**Task goal**
Once the images are set aside, return every entry exactly.

-=-=-

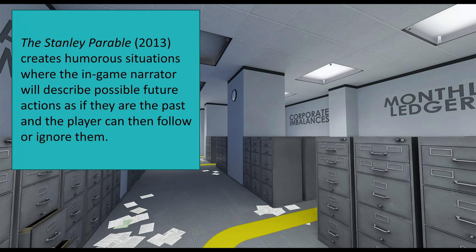In the game The Stanley Parable, we create really humorous situations where the in-game narrator will describe possible future actions as if they are the past. The player can then follow them as if describing and following through past actions, but also ignore them and create really humorous disconnections between player actions and past descriptions.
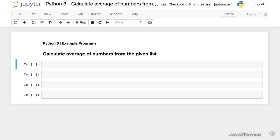In this session we will write code for calculating average of numbers from the given list. Now let's create a list.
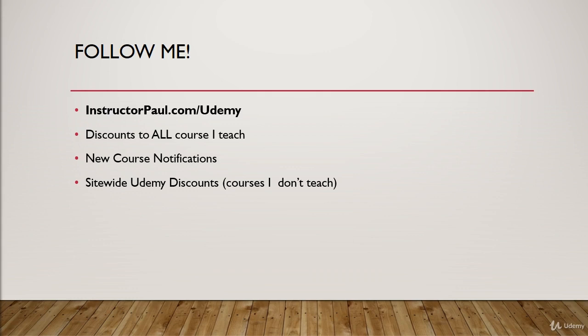All right, so that is enough about me. Let's jump straight into the course, and I'm looking forward to seeing you in the next lecture.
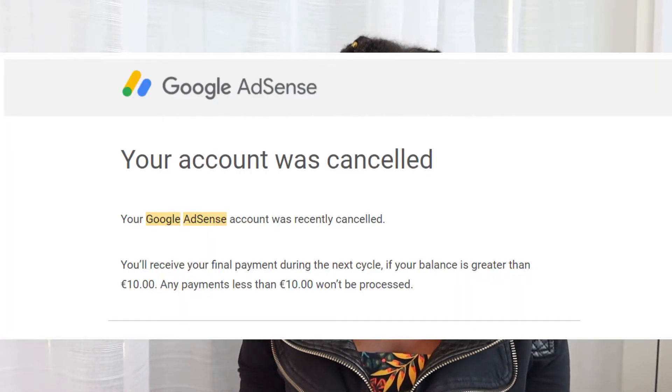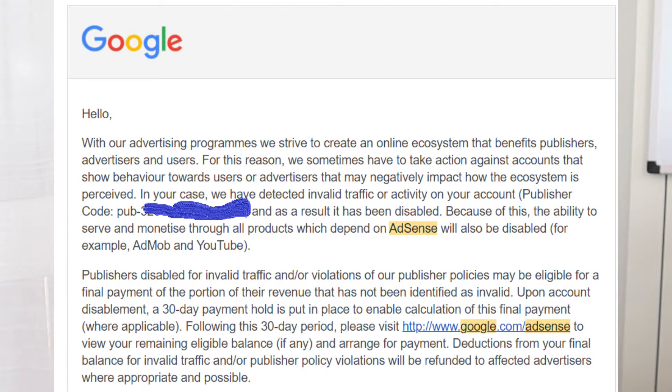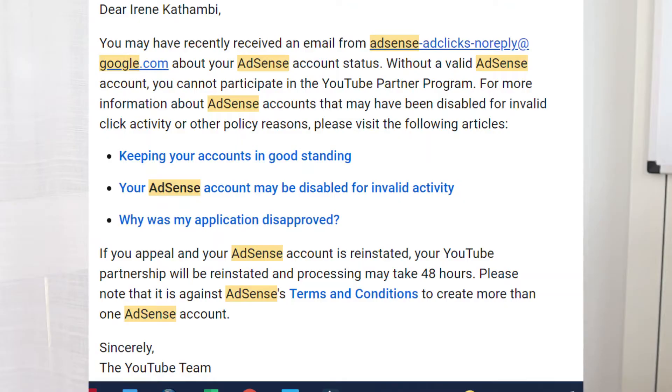On 21st August this year, I received an email from Google AdSense saying that my AdSense account had been disabled due to invalid click activity. I was given one chance to appeal. My first reaction was shock, because I had no idea what that meant.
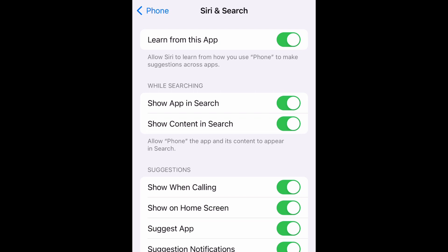Okay, so 'Allow Siri to learn from how you use Phone to make suggestions across the app' — that's the 'Learn from this app' toggle. If you want to disable that, just tap it to switch it off. And if you want it enabled, just tap it again to switch it back on.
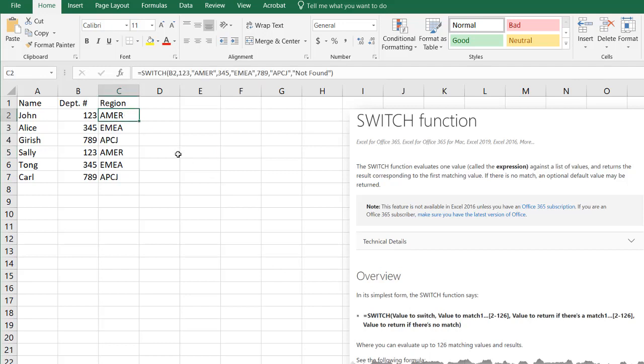So that's how we can use the switch function to perform lookups. It's available in Office 365. And I hope that helps.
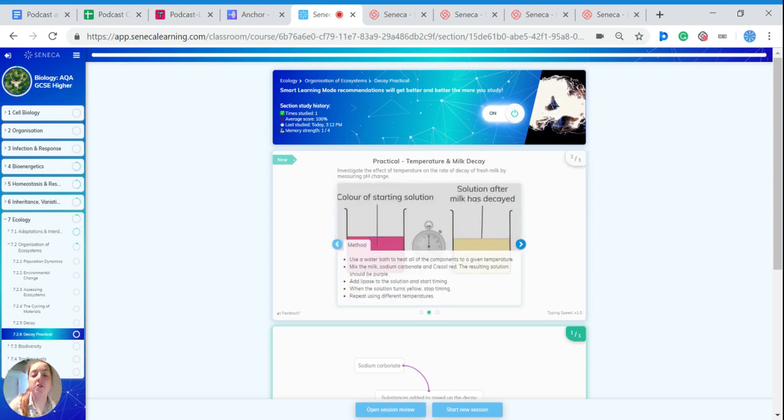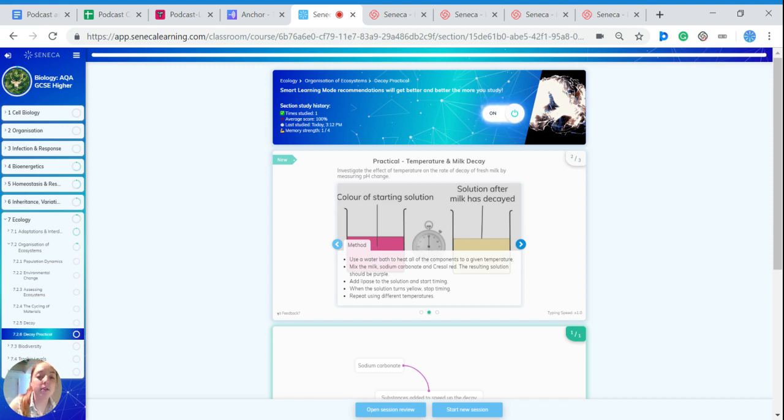So the method. We're going to use a water bath to heat all of the components at a given temperature. Mix the milk, sodium carbonate and Cresol red together and this produces a solution which is purple.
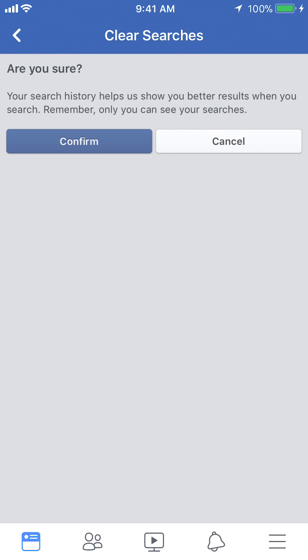Then it says: your search history helps us show you better results when you search. Remember, only you can see your searches. Click on where it says Confirm.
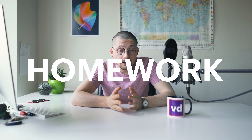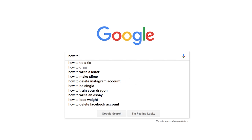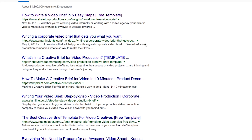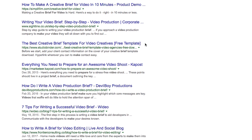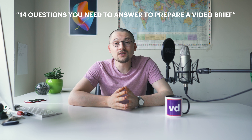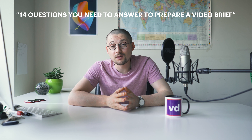Before turning to a video production company, it might be a good idea to do your homework. You will find out that there are a lot of articles and checklists around, but the truth is you're really lucky if you find materials that represent what you need. So in the end of this video, I will share with you 14 questions which you will need to answer to prepare a video brief.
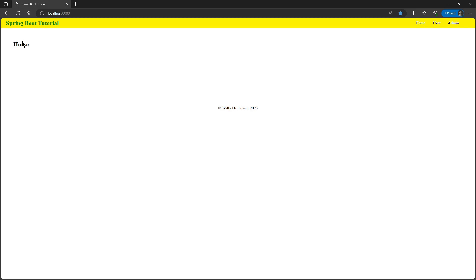In the next video we will configure Spring Security so we can control which user can view which pages. Thank you for following and supporting our channel. All questions, comments and new ideas are always welcome in the comments below this video. All code is also always available on the GitHub website. Don't forget to like the video and subscribe to our channel so you won't miss any new content.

-=-=-

**Answer for the task**
In the game The Stanley Parable, we create really humorous situations where the in-game narrator will describe possible future actions as if they are the past. The player can then follow them as if describing and following through past actions, but also ignore them and create really humorous disconnections between player actions and past descriptions.
In this session we will write code for calculating average of numbers from the given list. Now let's create a list.
All right, so that is enough about me. Let's jump straight into the course, and I'm looking forward to seeing you in the next lecture.
On 21st August this year, I received an email from Google AdSense saying that my AdSense account had been disabled due to invalid click activity. I was given one chance to appeal. My first reaction was shock, because I had no idea what that meant.
Okay, so 'Allow Siri to learn from how you use Phone to make suggestions across the app' — that's the 'Learn from this app' toggle. If you want to disable that, just tap it to switch it off. And if you want it enabled, just tap it again to switch it back on.
So that's how we can use the switch function to perform lookups. It's available in Office 365. And I hope that helps.
So the method. We're going to use a water bath to heat all of the components at a given temperature. Mix the milk, sodium carbonate and Cresol red together and this produces a solution which is purple.
Then it says: your search history helps us show you better results when you search. Remember, only you can see your searches. Click on where it says Confirm.
Before turning to a video production company, it might be a good idea to do your homework. You will find out that there are a lot of articles and checklists around, but the truth is you're really lucky if you find materials that represent what you need. So in the end of this video, I will share with you 14 questions which you will need to answer to prepare a video brief.
In the next video we will configure Spring Security so we can control which user can view which pages. Thank you for following and supporting our channel. All questions, comments and new ideas are always welcome in the comments below this video. All code is also always available on the GitHub website. Don't forget to like the video and subscribe to our channel so you won't miss any new content.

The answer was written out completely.